The next cast settles down farther out from the cliff, on the seam where the shade ends. The shadows of swallows flickering over. The backs of your hands warm and the cool coming up from the water along your wrists.

Saying nothing, very fine not

     mattering with the river running

     and the full sun on you


Out of the underwater shade the trout swirls up gleaming. Nose almost to the surface. Doesn’t take the fly, settles back down into the shade. Well, that was enlivening.

Two more casts and not a ripple. Isn’t this already the other way? Your hair starting to get hot in the sun.

Lifting the line up off the water over you, letting it unroll behind, pulling it forward, laying it down in front of you light as a spiderweb. Writing it out, letting it fall one rung down the page, breaking it at a phrase. A hovering resistance there against the next release.

Until the drop all the way through the stanza break and the recovery there.

Muscle up against the flow, sideslip, fall back with it as you wish. Not a ripple or a lip. The tuft of the fly white in the shade, the shadow water. The fall line of the line breaks, the riverbanks, the twelve-bar form.

The solo where you find the accidentals, outside the dismembering daily crush.

So in the smoke you lean forward with your guitar, lay down a phrase, another phrase that elaborates the first, then one in double time or triplets or just a long held note, it starts to coalesce, it’s building. It’s a story you’re telling so you can rip into it with bends, scrapes, a held thirteenth maybe, something even you didn’t know you’d play, something outside enough to split it open, and everybody in the house wakes up.

Then ease back into the flow. Ross is gone. No sound but the water.

You don’t wake up in the story but in the breaks, the lyric space. Or should. Standing there in a river with the dried out feeling in your brain. Your hair hot and your hands.

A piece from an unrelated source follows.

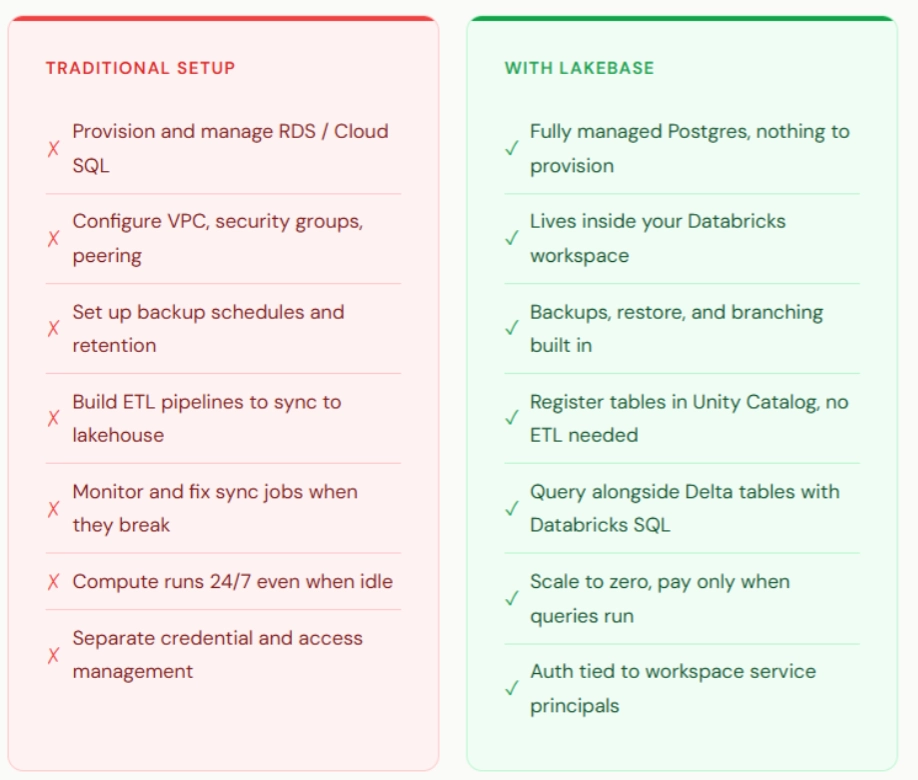 Lakebase vs. Traditional Database Setup: Side-by-Side Comparison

The trout flashes over from the shade and takes the fly all the way out in the middle of the stream. Slack in the line. Wake up.

You take a full second to set the hook, keep the rod as high as you can raise it. The fish is on. Lucky.

You wade away from the shade toward the shallower water of the far bank, keeping the line tight. Better to be lucky than good.

It takes a good few minutes coming in, running up in a diagonal for the cliff, falling back, cutting upstream shallow in the riffles on your side, digging down deep, then tiring. Shallower, backdrifting with the current.

A pressure swirling at your knees, finned and stippled gold, so like the amber-colored rocks of the bottom.

You blink and it’s gone. It’s there again, but barely. Which is what you would be.


grappling it underwater with a hand, saying

     slick, thrashing, 


     toothed, red-gilled, red-flecked, cold as snow melt

in the passing water, and you let it go.